Reproduce verbatim, line by line, everything from the line containing "CD68 Antibody (KP1)" to the last line of the listing below; add nothing.

Start of Given information

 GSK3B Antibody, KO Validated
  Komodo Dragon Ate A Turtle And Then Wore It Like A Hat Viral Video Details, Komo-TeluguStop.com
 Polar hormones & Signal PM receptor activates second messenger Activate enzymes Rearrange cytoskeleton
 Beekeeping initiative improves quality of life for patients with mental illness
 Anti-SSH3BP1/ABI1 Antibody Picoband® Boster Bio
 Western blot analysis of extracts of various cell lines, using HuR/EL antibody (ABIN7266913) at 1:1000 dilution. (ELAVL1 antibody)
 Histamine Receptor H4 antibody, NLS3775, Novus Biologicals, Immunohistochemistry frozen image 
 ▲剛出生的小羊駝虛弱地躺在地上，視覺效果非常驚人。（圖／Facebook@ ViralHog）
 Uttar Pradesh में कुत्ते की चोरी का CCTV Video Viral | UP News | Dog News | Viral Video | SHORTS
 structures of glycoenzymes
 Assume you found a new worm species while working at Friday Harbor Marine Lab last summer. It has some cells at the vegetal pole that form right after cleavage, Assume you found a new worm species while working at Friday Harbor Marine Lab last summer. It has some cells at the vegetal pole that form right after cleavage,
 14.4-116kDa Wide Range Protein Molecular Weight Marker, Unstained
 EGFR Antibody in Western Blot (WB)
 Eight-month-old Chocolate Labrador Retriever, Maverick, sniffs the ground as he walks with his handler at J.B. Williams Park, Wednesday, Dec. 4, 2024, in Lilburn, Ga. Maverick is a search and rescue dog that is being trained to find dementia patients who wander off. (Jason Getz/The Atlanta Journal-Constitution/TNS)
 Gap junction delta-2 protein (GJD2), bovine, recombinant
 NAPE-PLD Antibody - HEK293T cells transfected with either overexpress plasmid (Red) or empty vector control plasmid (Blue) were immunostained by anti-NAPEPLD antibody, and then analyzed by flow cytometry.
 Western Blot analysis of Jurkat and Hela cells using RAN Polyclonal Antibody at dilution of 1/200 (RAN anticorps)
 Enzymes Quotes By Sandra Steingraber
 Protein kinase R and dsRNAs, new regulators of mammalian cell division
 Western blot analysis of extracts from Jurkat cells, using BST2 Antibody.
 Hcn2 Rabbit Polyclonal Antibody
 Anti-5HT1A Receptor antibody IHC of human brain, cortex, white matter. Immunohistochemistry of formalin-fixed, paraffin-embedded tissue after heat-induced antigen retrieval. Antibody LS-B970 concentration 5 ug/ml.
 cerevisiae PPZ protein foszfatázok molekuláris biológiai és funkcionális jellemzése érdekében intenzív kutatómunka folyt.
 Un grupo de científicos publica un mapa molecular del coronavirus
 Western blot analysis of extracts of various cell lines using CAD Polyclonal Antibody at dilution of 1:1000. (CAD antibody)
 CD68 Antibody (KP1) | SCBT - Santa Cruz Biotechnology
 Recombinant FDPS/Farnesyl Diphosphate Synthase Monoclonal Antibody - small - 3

End of Given information

**Answer below**.
 CD68 Antibody (KP1) | SCBT - Santa Cruz Biotechnology
 Recombinant FDPS/Farnesyl Diphosphate Synthase Monoclonal Antibody - small - 3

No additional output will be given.